● **PROVIDED MATERIAL**
----

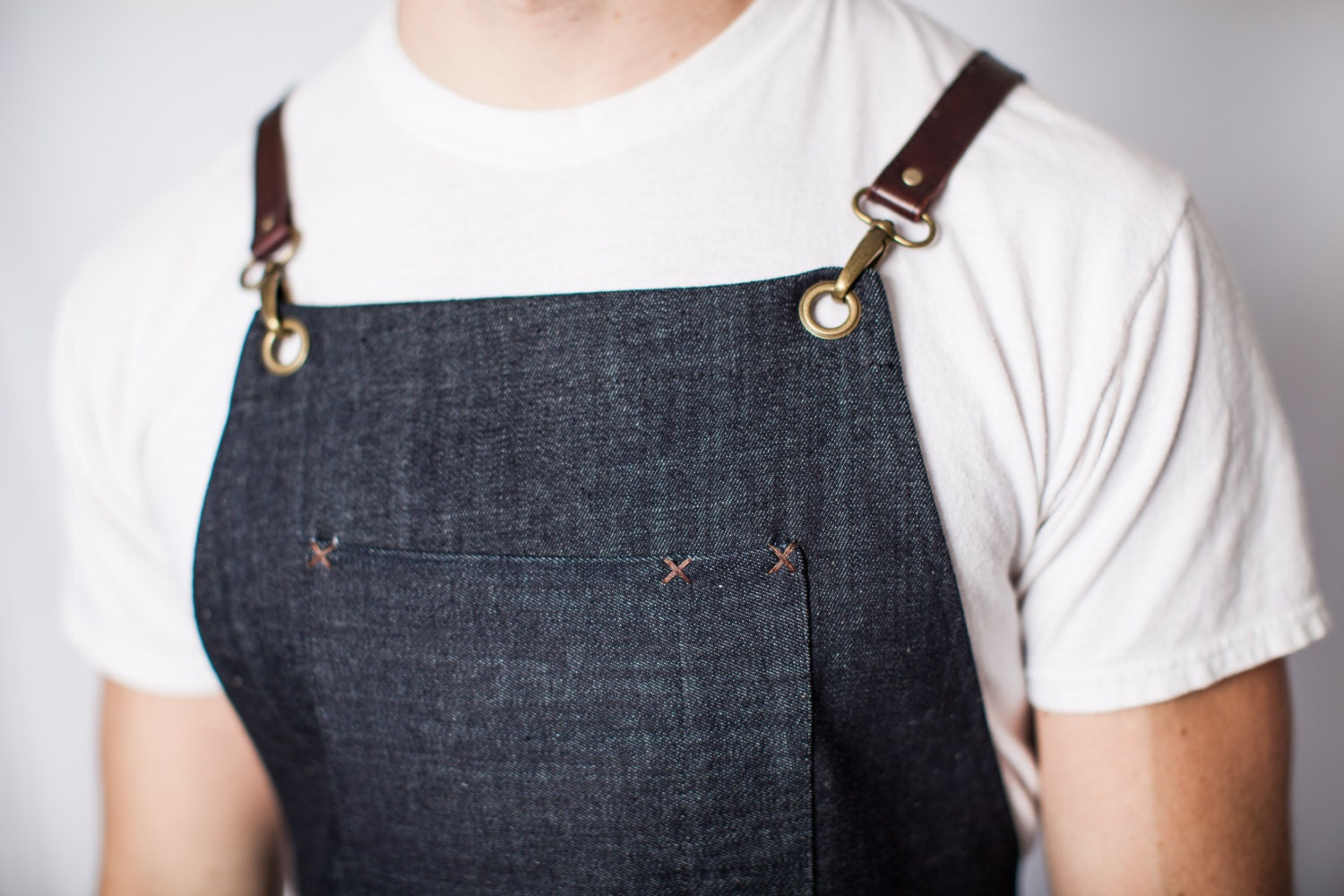 Denim and Leather apron towel bar leather cross straps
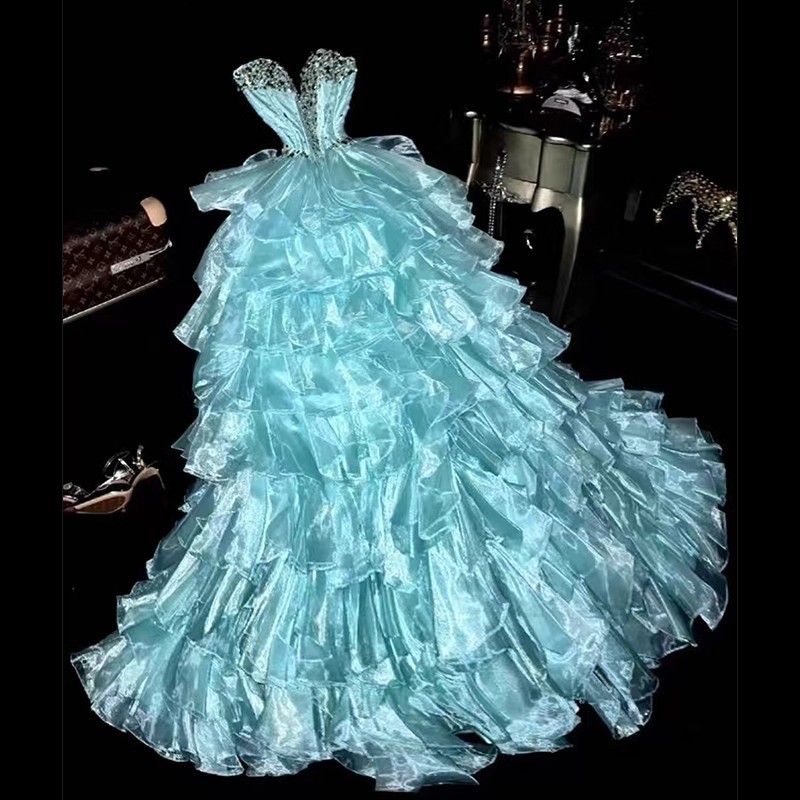 Evening Dress, Beautiful Blue Tube Top, Sequins, Hosting Classy Accessible Luxury Niche Princess Tutu Skirt, Birthday Performance Clothing, Autumn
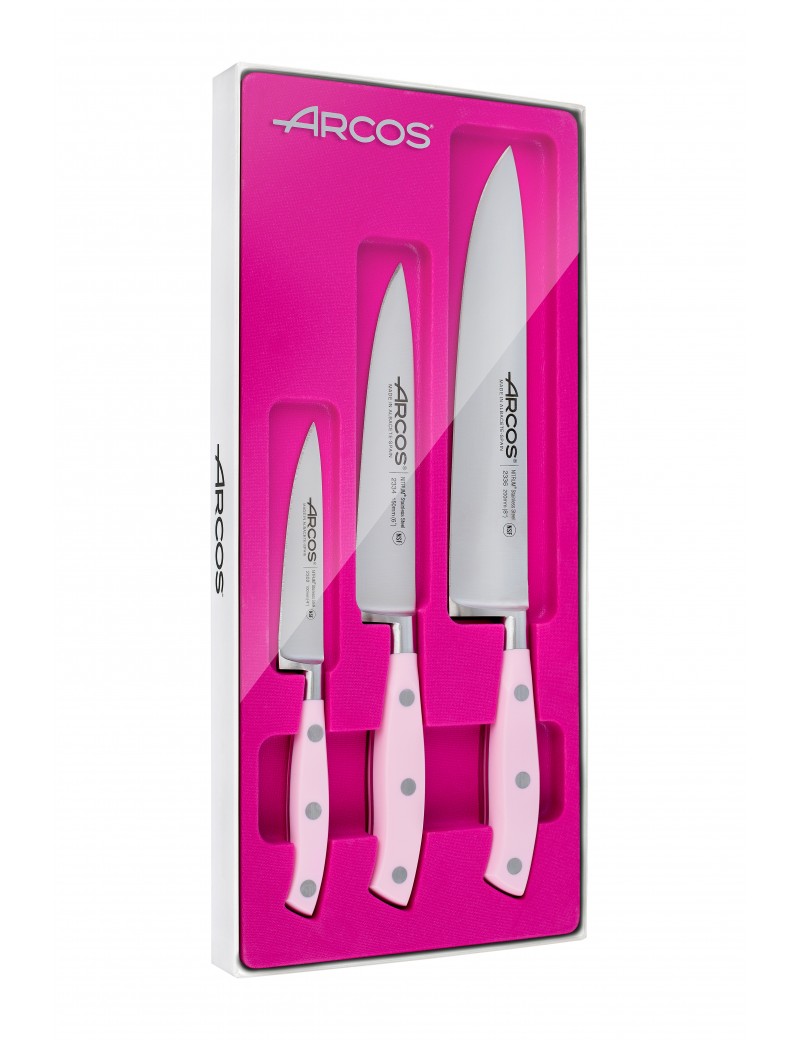 Coffret 3 couteaux Arcos Rose : 1 couteau Office 10 cm - 1 couteau Cuisine 15 cm - 1 couteau Chef 20 cm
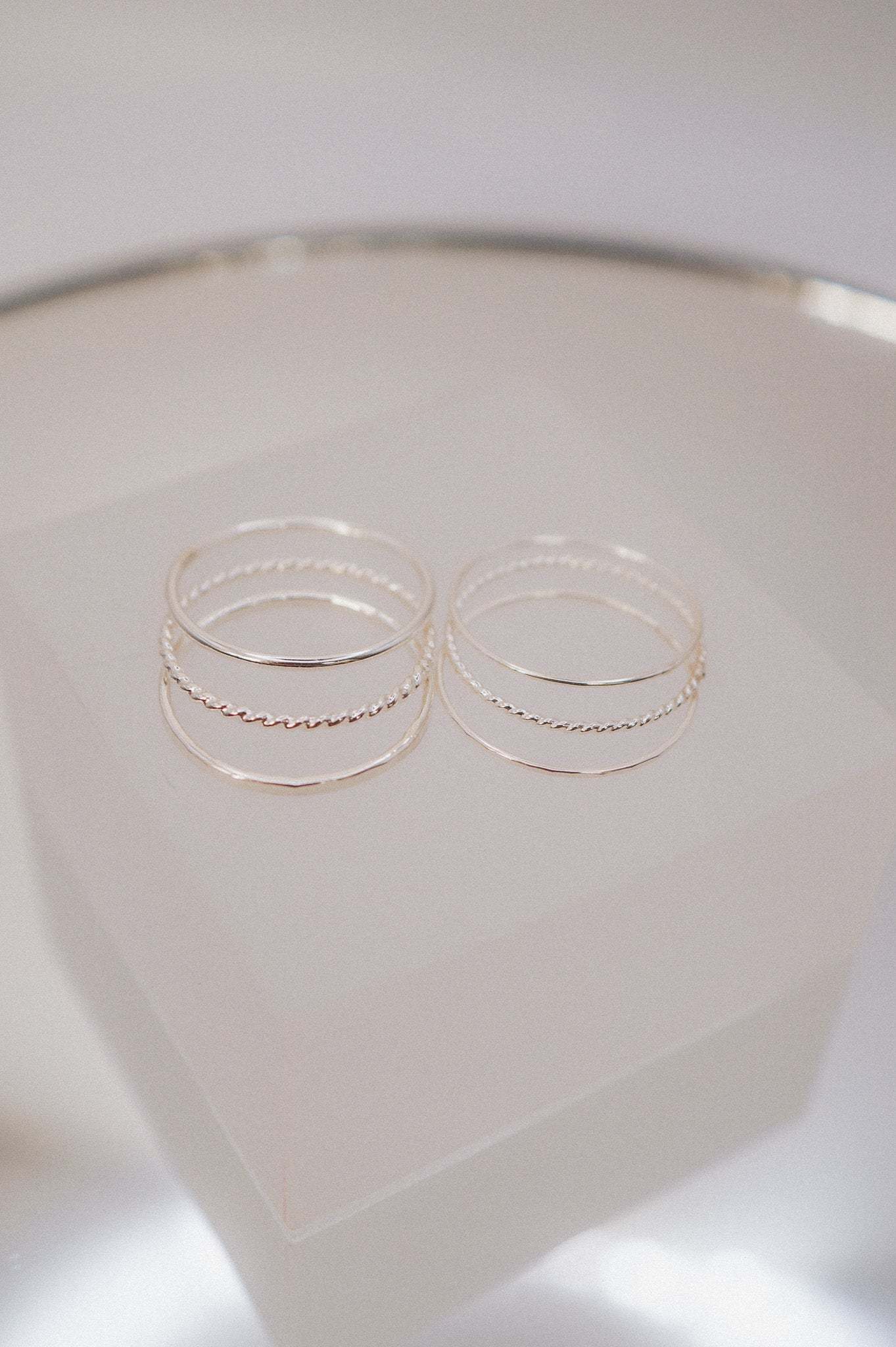 Twist Set of 3 Stacking Rings, Sterling Silver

----

● **INSTRUCTIONS FOR THE TASK**
The answer must be the full listing, exact in every line, with the pictures removed.

● **THE ANSWER**
 Denim and Leather apron towel bar leather cross straps
 Evening Dress, Beautiful Blue Tube Top, Sequins, Hosting Classy Accessible Luxury Niche Princess Tutu Skirt, Birthday Performance Clothing, Autumn
 Coffret 3 couteaux Arcos Rose : 1 couteau Office 10 cm - 1 couteau Cuisine 15 cm - 1 couteau Chef 20 cm
 Twist Set of 3 Stacking Rings, Sterling Silver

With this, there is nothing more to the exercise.